## [TASK GOAL]
Can you set down, exactly as they appear below, the lines from the opening of the material through the one bearing "Ocean Haze Ombre", minus the pictures?

"""

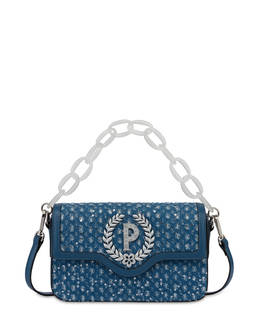 Candy bag in denim con pailettes e maxi catena Photo 1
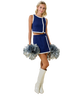 Person in a blue cheerleading outfit with pom-poms on a white background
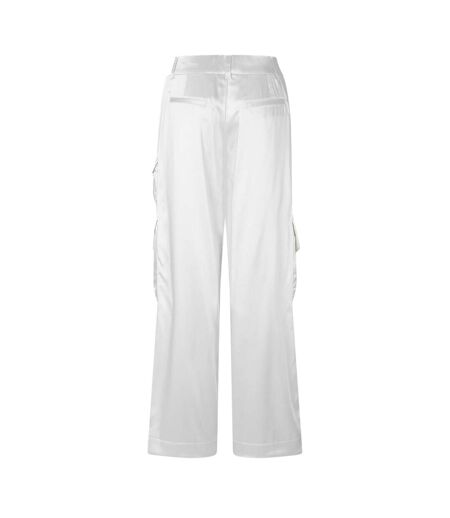 Womens/ladies Ow Wide Leg Cargo Trousers Coconut Milk Off White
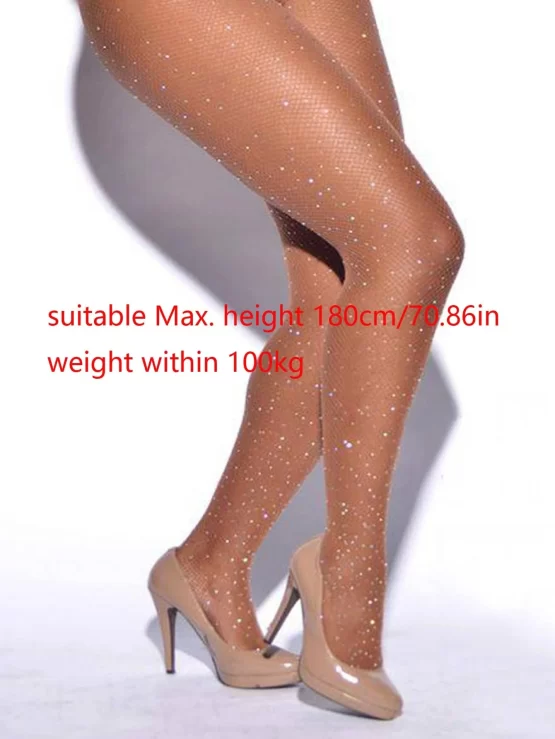 Women Rhinestone Luxury Fishnet Decor Tights - Image 3
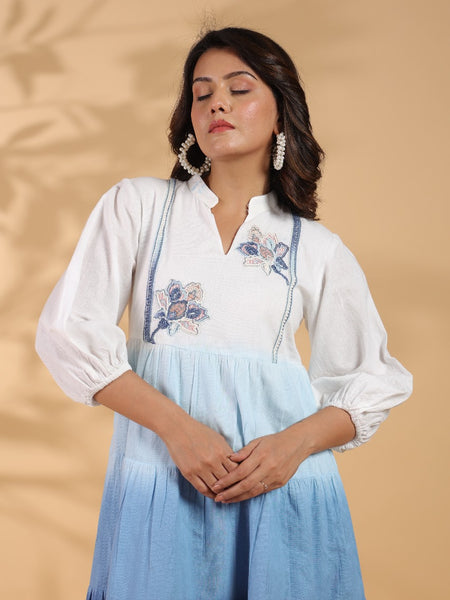Ocean Haze Ombre Blue Embroidered Fit & Flare Dress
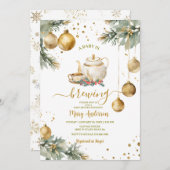 Baby Braut Gold Baubles Weihnachtsdusche Einladung (Vorne/Hinten)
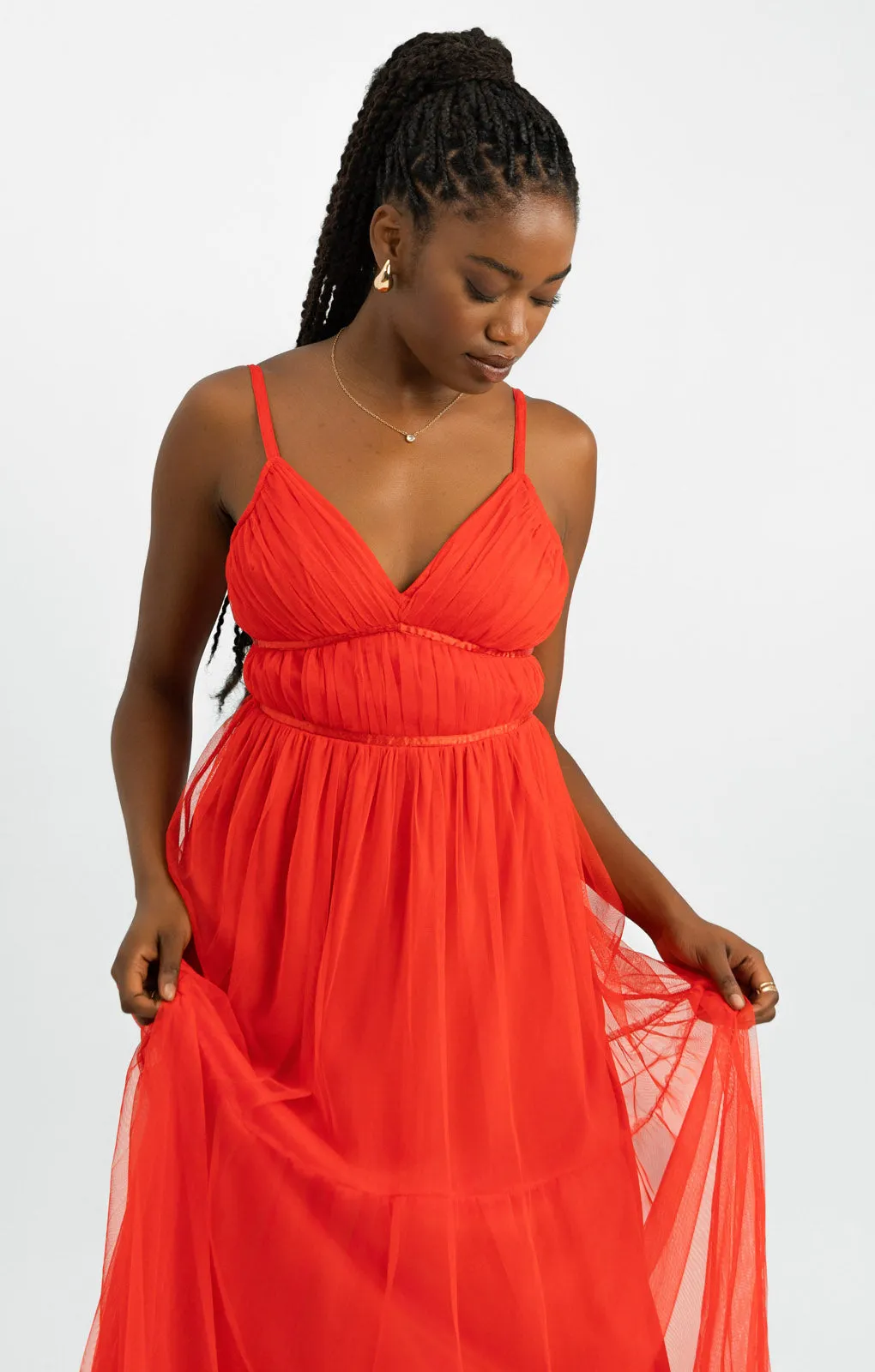 Anaya Tulle Maxi Dress With Tiered Skirt In Bright Red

"""

## [OUTPUT]
 Candy bag in denim con pailettes e maxi catena Photo 1
 Person in a blue cheerleading outfit with pom-poms on a white background
 Womens/ladies Ow Wide Leg Cargo Trousers Coconut Milk Off White
 Women Rhinestone Luxury Fishnet Decor Tights - Image 3
Ocean Haze Ombre Blue Embroidered Fit & Flare Dress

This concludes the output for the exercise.